Segment Start: EXTRACTED DATA

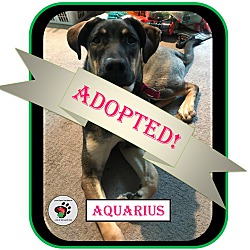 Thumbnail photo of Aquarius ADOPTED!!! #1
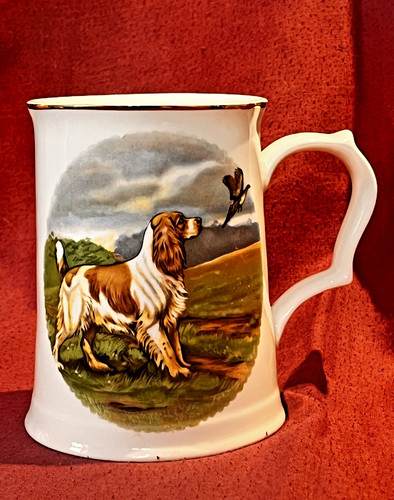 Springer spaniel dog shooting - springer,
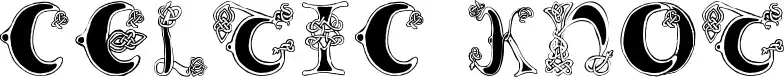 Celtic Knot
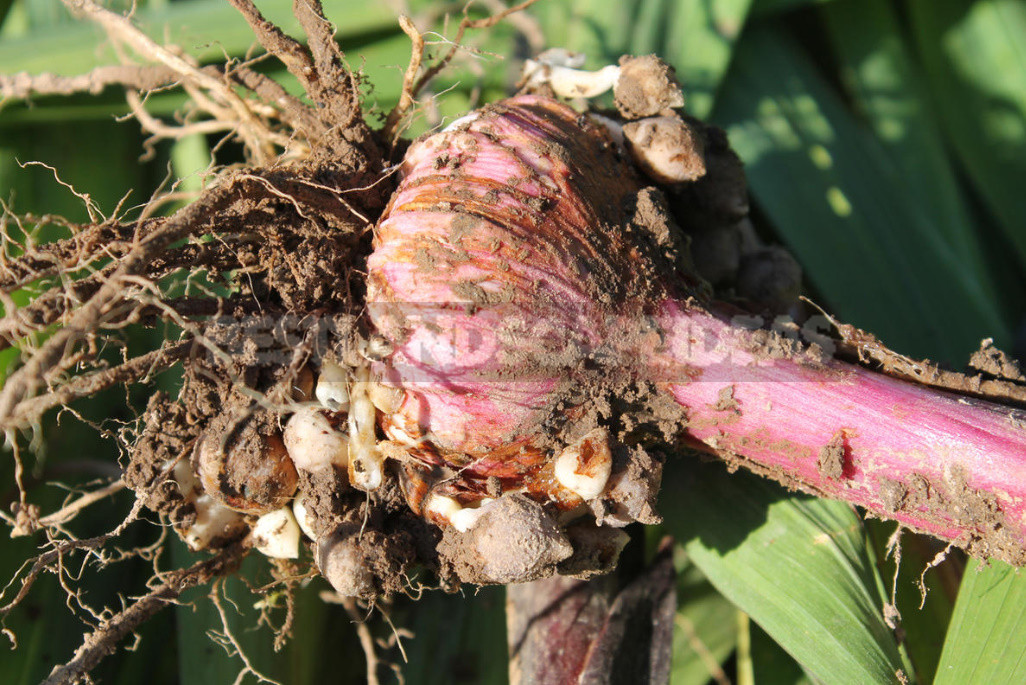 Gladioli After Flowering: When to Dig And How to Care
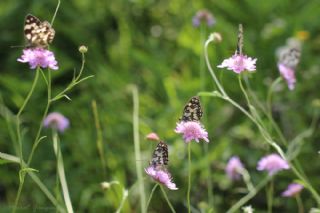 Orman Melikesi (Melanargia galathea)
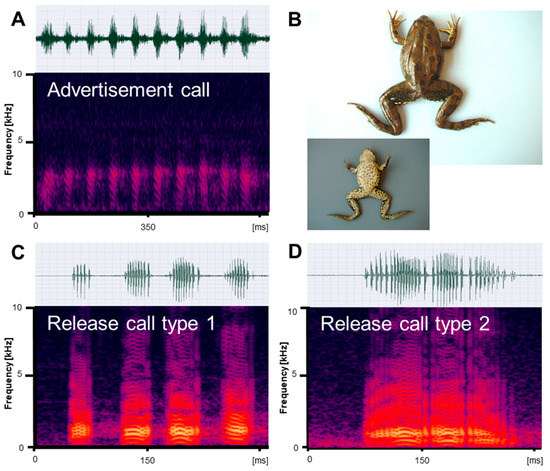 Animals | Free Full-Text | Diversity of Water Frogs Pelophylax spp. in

Segment End: EXTRACTED DATA
Segment Start: EXTRACTED DATA

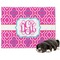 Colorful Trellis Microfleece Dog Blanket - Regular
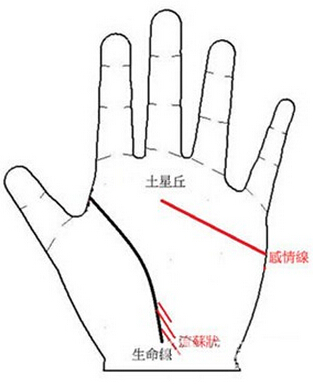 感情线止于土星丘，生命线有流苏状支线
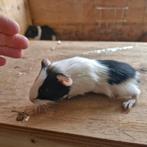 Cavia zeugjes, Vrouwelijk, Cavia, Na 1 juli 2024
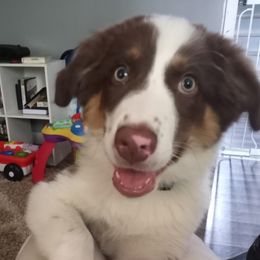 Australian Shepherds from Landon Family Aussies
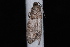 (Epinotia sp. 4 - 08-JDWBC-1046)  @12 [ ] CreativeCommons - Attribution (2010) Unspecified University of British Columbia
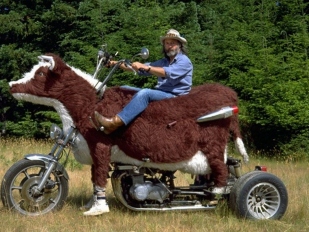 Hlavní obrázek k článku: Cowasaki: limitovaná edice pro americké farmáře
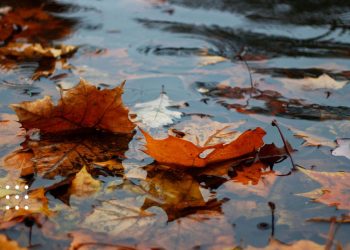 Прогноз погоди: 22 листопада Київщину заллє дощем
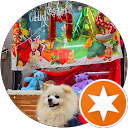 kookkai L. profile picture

Segment End: EXTRACTED DATA

In the listing above, find the line with "Springer spaniel dog" and output every line through the one with "Animals | Free", exactly, without the pictures.

 Springer spaniel dog shooting - springer,
 Celtic Knot
 Gladioli After Flowering: When to Dig And How to Care
 Orman Melikesi (Melanargia galathea)
 Animals | Free Full-Text | Diversity of Water Frogs Pelophylax spp. in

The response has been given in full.